Archer's Last Day was released direct-to-video on February 11, 1999. On September 15, 2017, a version of the film with the hardcore sex footage removed was screened at the Superchief Gallery in Queens, New York, as part of Pinion Armageddon, a weeklong event celebrating the filmmaking career of director Charles Pinion and the home video release of his 2014 film American Mummy.

== Reception ==

AVN awarded Archer's Last Day a perfect score of 5/5 and succinctly stated, "Sly humor; anal and facials; hot all-natural chicks; a semi-rape and Tom Byron. Beautiful." Peter van Aarle of Cyberspace Adult Video Reviews gave Archer's Last Day a grade of 8.74 on a scale of 6.00/10.00, criticized the video quality and the lighting of the film's final two sex scenes, and concluded that the quality "varies on this video." Archer's Last Day was deemed "a decent flick" with "superb" acting by Tom Byron in a review posted to Rec.Arts.Movies.Erotica. Another review posted to Rec.Arts.Movies.Erotica similarly labelled the film "highly recommended" and further stated, "Though I didn't go in to it, this is a great movie. Not just the great sex that Extreme always provides, but a great movie that could stand on i [sic] own."

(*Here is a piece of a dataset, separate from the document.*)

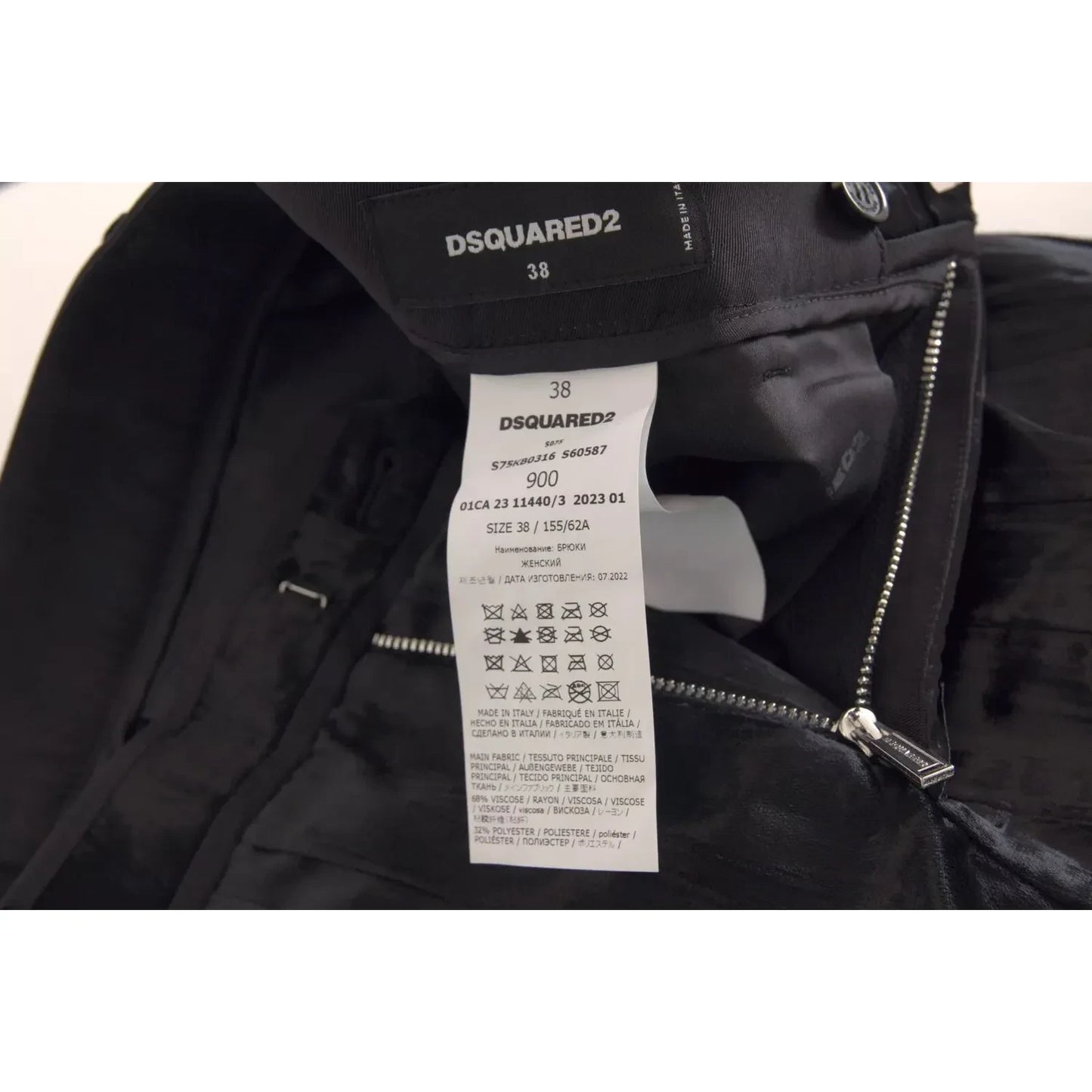 Dsquared² Black Viscose Super Flare High Waist Pants Dsquared² Black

Roger T. Pipe gave Archer's Last Day a grade of 9/10 and, while critical of elements such as the rape scene and the lighting, praised every other aspect of it, writing, "Archer is a very good adult film, with hot sex, some interesting visuals and just a touch of social commentary. (OK, that last one was a stretch.)" ViceList had a mixed response to the film, calling the ending "shitty" but otherwise stating, "Despite the psychedelic lighting, overfading and no real sense of purpose, the combined effect ends up being surprisingly entertaining." Author Mikita Brottman commended the film's "surrealism, irony, and tongue-in-cheek humor" in her 2005 book High Theory/Low Culture.

Archer's Last Day was nominated for Best Video Feature at the 17th AVN Awards. At the same event, Tom Byron was nominated for Best Actor (Video) while Charles Pinion was nominated for Best Director (Video).